Cette thèse, du moins, est celle de la commission de gestion du Grand Conseil vaudois, dont les hauts commissaires chargés de l’agriculture, de l’industrie et du commerce ont soulevé un problème capital : les chamois, accusent-ils, ont la funeste habitude de brouter la première herbe sur les pâturages de printemps — ce qui n’est pas surprenant car c’est la meilleure. Or, les bovins qui viendront plus tard devront se priver, les malheureux, de quelques brins de cette herbe délicate. D’où, assurent nos commissaires le plus sérieusement du monde, « une perte sèche non négligeable pour nos montagnards ». (L’Hebdo)

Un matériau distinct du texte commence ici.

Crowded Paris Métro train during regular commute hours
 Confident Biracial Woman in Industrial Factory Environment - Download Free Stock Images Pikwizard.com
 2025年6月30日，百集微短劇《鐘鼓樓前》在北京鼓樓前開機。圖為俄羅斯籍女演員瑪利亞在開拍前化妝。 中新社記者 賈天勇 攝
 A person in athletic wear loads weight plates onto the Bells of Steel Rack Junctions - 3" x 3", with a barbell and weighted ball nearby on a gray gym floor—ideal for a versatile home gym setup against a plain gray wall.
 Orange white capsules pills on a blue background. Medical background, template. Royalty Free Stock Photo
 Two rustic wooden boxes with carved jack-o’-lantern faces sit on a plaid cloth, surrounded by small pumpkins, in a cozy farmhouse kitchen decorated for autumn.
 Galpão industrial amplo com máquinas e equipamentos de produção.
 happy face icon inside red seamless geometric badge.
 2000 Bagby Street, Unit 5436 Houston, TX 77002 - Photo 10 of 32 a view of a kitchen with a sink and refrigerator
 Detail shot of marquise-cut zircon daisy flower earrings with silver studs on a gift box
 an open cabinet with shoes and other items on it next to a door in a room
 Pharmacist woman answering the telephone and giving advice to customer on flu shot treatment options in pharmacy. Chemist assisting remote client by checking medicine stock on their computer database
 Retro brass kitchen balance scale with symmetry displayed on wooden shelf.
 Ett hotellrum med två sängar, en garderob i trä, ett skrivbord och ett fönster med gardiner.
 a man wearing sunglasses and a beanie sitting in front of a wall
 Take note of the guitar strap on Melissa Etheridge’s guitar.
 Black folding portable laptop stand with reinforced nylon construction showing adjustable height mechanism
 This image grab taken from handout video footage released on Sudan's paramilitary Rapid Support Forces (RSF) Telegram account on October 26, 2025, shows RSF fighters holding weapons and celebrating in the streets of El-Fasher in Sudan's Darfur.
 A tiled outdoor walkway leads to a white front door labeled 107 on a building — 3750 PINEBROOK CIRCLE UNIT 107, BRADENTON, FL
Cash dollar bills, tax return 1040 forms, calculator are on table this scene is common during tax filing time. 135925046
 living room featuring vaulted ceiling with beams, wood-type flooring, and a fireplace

Comme en (71), une ironie initiale est ici brutalement interrompue par un premier enchaînement qui, en manifestant le désaccord du locuteur à l’égard du point de vue auquel il a fait écho (Cette thèse, du moins, est celle de la commission de gestion du Grand Conseil vaudois), neutralise le paradoxe impliqué par ses revendications énonciatives apparentes dans le premier paragraphe. Mais cette abolition rétroactive de l’ironie n’est cette fois que locale, temporaire, car le paradoxe resurgit lorsque le locuteur qualifie de problème capital la présence des chamois sur les pâturages. On observe en effet une distorsion entre le désaccord du locuteur — dû essentiellement à du moins — et l’accord que marque l’expression un problème capital qui est argumentativement coorientée par rapport aux propos préalablement imputés à la commission de gestion du Grand Conseil vaudois. Il suffit d’ailleurs de remplacer un problème capital par une expression adaptée à du moins (par exemple un problème absurde, ridicule), pour qu’une telle distorsion disparaisse, de même que l’ironie. Non seulement l’expression un problème capital rétablit ainsi le paradoxe énonciatif du premier paragraphe ainsi que l’ironie qui en découle, mais elle lui permet dès lors de s’étendre et de contaminer ce qui est ensuite explicitement rapporté par le locuteur (Les chamois, accusent-ils, ont la funeste habitude…). Une telle ironie ne s’éteindra définitivement que lorsque le désaccord du locuteur sera à nouveau revendiqué grâce à un procédé assez proche de celui observé en (71). En précisant que ceux qu’il prend pour cible se sont exprimés le plus sérieusement du monde, le locuteur sous-entend en effet que lui-même, en feignant d’adhérer à leur point de vue, n’était pas sérieux mais précisément ironique, ce qui a pour conséquence amusante d’abolir alors pour de bon l’ironie en neutralisant le paradoxe sur lequel elle se fonde. En résumé, dans ce dernier exemple, l’interprète est amené à considérer les passages soulignés comme ironiques, puis comme sarcastiques, puis ironiques, puis à nouveau sarcastiques, et ces changements de régime agissent à chaque fois rétroactivement sur l’interprétation sans rien changer à la nature de la raillerie ni à ce qui est communiqué par le locuteur au sujet des chamois.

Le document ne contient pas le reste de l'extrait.